After a long week you want to sit down and be able to watch a quality movie that will make you laugh, cry, sit at the edge of your seat, and have fun. Netflix Your Weekend is Reel World Theology’s weekly pick for a movie currently available on Netflix Instant that will not only entertain but make you think and engage the story you are watching. If you have a suggestion for a Netflix Instant movie, email Josh at J.A.Crabb22@gmail.com with the subject line “Netflix Your Weekend”.
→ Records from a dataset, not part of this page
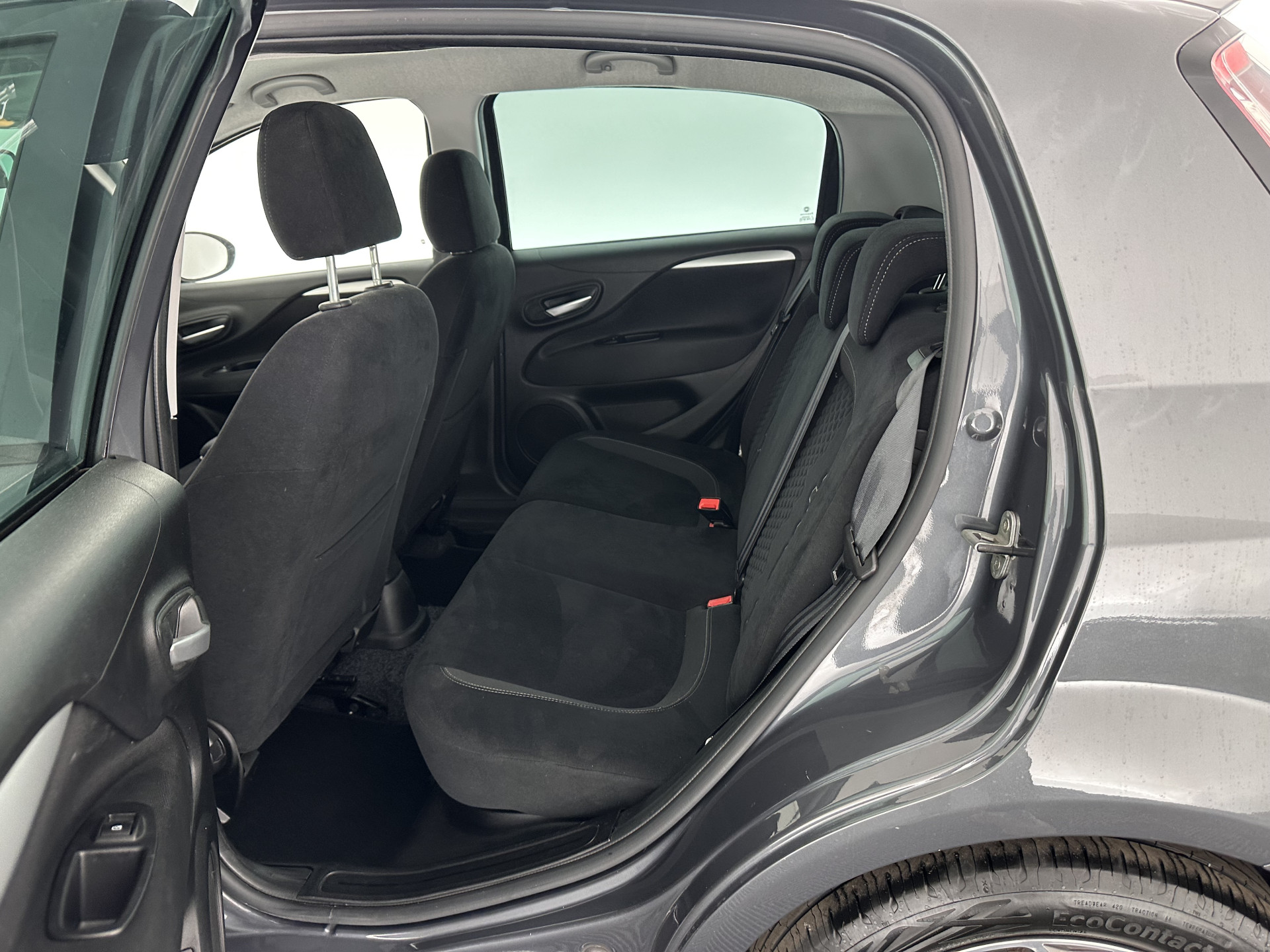 Fiat Punto Evo 1.3 M-Jet Lounge *ECC | SPORT-SEATS | MICROFIBRE | PDC | CRUISE | RADIO-CD/MP3 | 16''ALU*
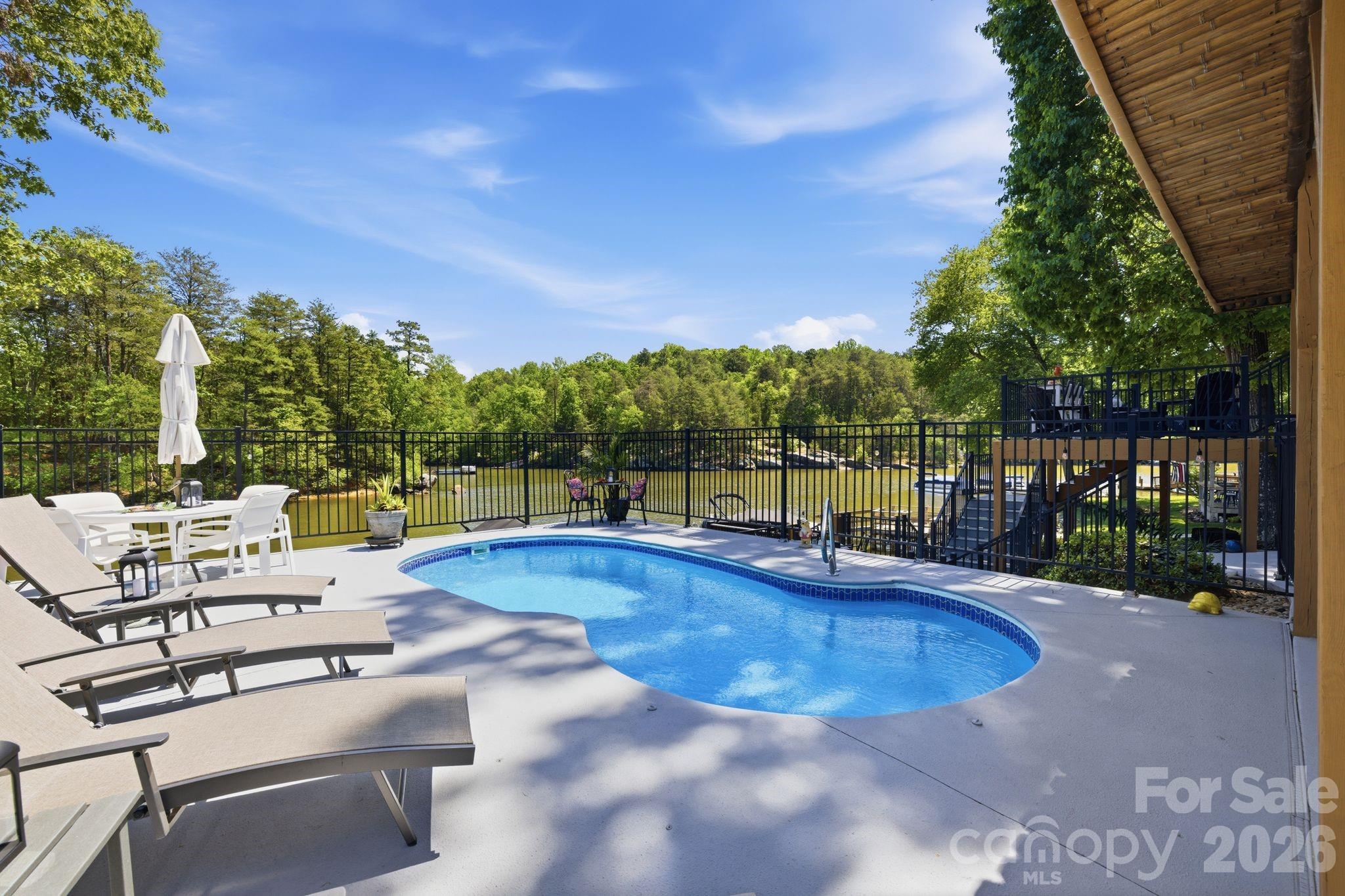 819 Hickory Point Drive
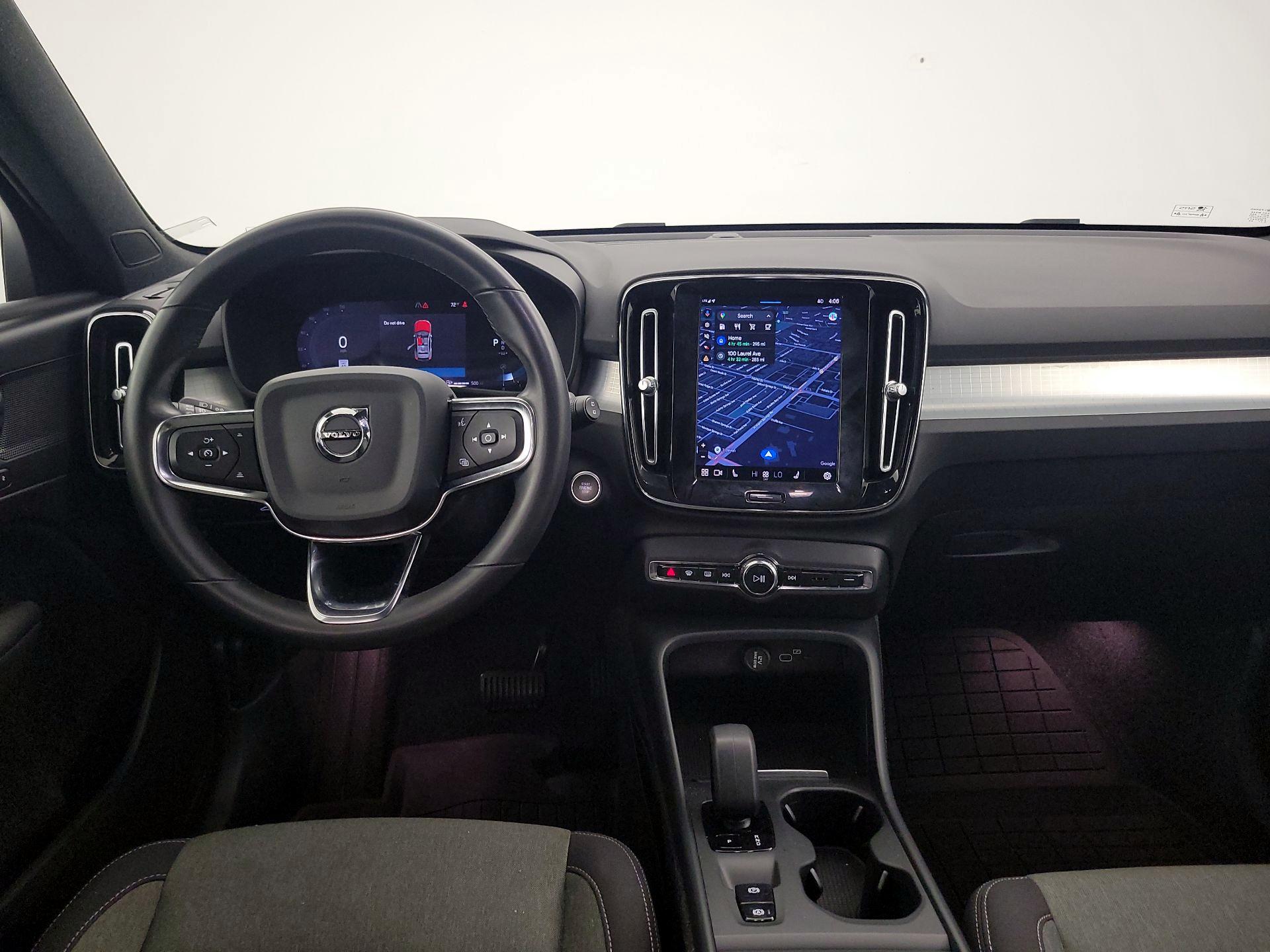 Thumbnail: 2023 Volvo XC40 - 9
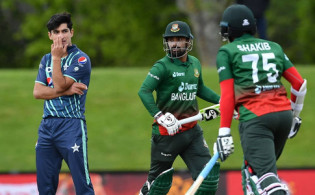 সাকিব-লিটনের ফিফটিতে শেষ ম্যাচে পাকিস্তানের সামনে বিশাল রানের টার্গেট দিল বাংলাদেশ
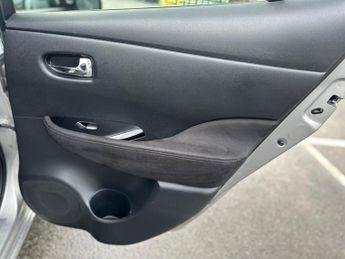 Nissan Leaf 24kWh Acenta Auto 5dr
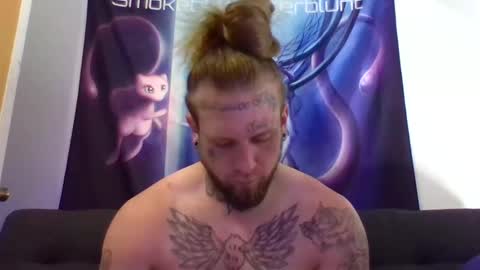 Snapshot of smokebluntafterblunt chatting on May 2026 01:00:01 AM smoke online show from May 2026 01:00:01 AM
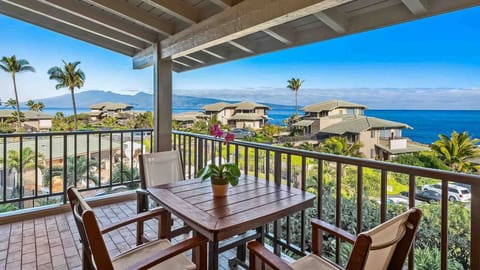 Kapalua Bay Villas #33B2 - Ocean View Dining Lanai - Parrish Maui
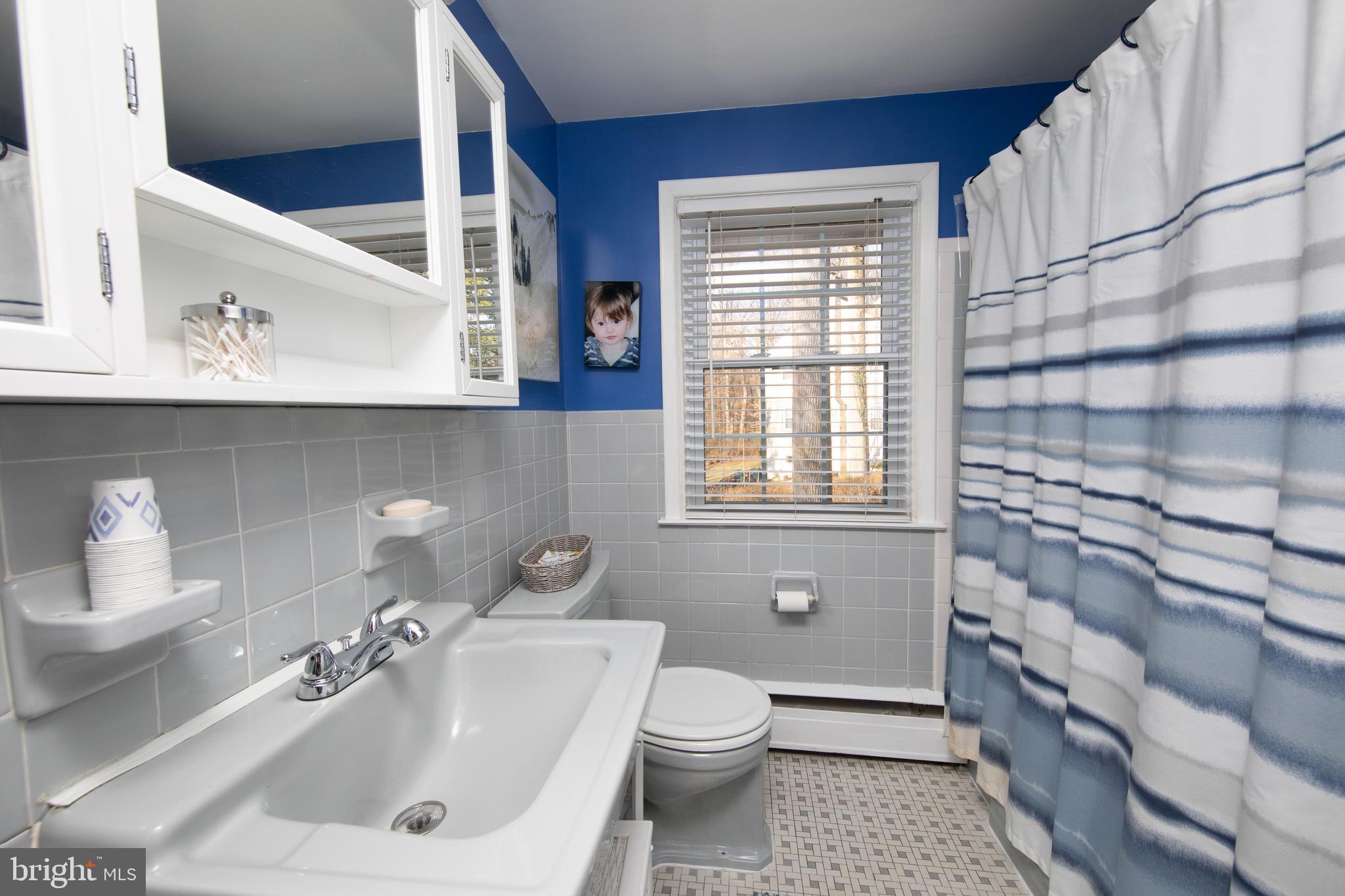 1805 Sharon Road Jenkintown, PA 19046 - Photo 35 of 47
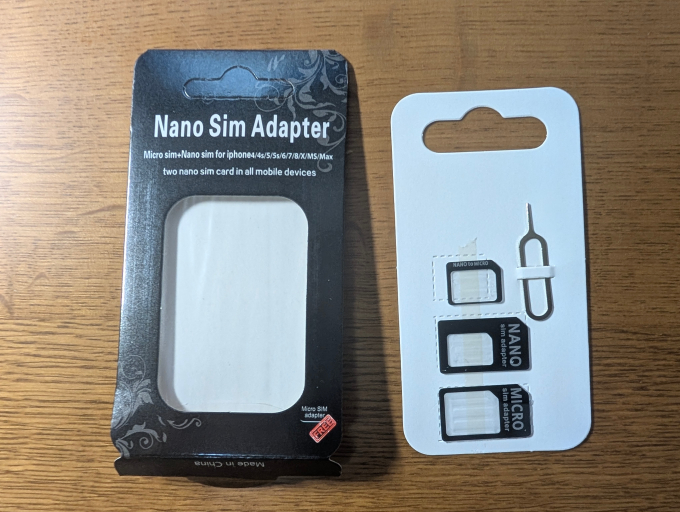 mobee SIM 変換アダプタ アダプタ取り出したところ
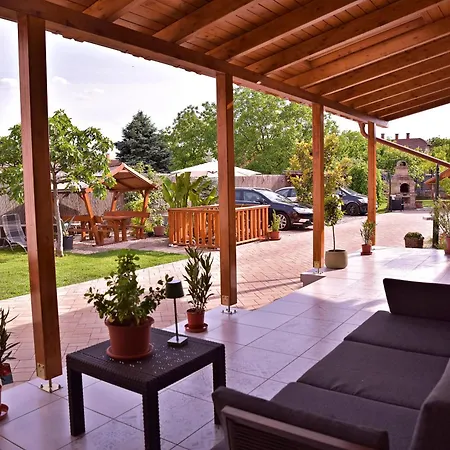 Makotel Apartmanhaz Apartment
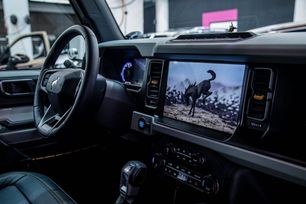  3  Ford Bronco 2021 , 8100000 , 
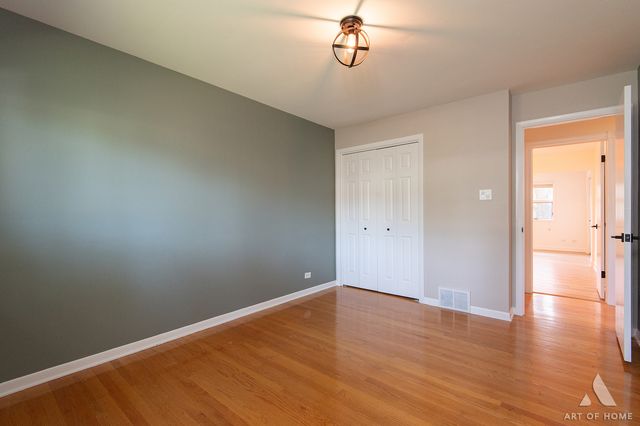 8545 Walnut Avenue, Orland Park, IL 60462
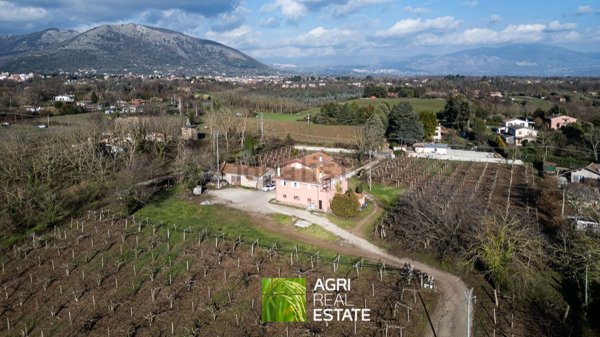 casa indipendente in vendita a Cave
NETFLIX YOUR WEEKEND – NEBRASKA directed by Alexander Payne, starring Bruce Dern and Will Forte
Here in the Midwest, the temperature has dipped, snow flurries are common sight, and it’s the holiday season where expectations for our winter run high (until February when we all get cabin fever and want to kill each other) and family connects and reconnects for Thanksgiving, Christmas, and Winter Break. It seems only fitting that this week’s recommendation is Alexander Payne’s most recent, Oscar-nominated film, Nebraska. The movie starts in Billings, Montana, but the bulk of the movie takes place in the small town of Hawthorne, Nebraska, the hometown of Woody Grant, played by Bruce Dern. Woody thinks he has hit the sweepstakes jackpot when he gets a notice in the mail he was won $1 Million and he tries everything he can to start making his way to Lincoln, Nebraska to claim his prize. Even though the sweepstakes is obviously just a marketing scam, Woody’s son David, played by Will Forte, agrees to take him to Lincoln so he can spend more time with his dad and help him come to his senses. After making their way into Nebraska, and being waylaid by an accident Woody has while drinking and losing his false teeth (hilarious), they pass through and stop to visit family in their old hometown of Hawthorne. It’s when they stop over in their hometown and word gets out that Woody is a millionaire that David begins to find out more about his dad, his mom, extended family, and the people he grew up with that still call the rural farm town their home.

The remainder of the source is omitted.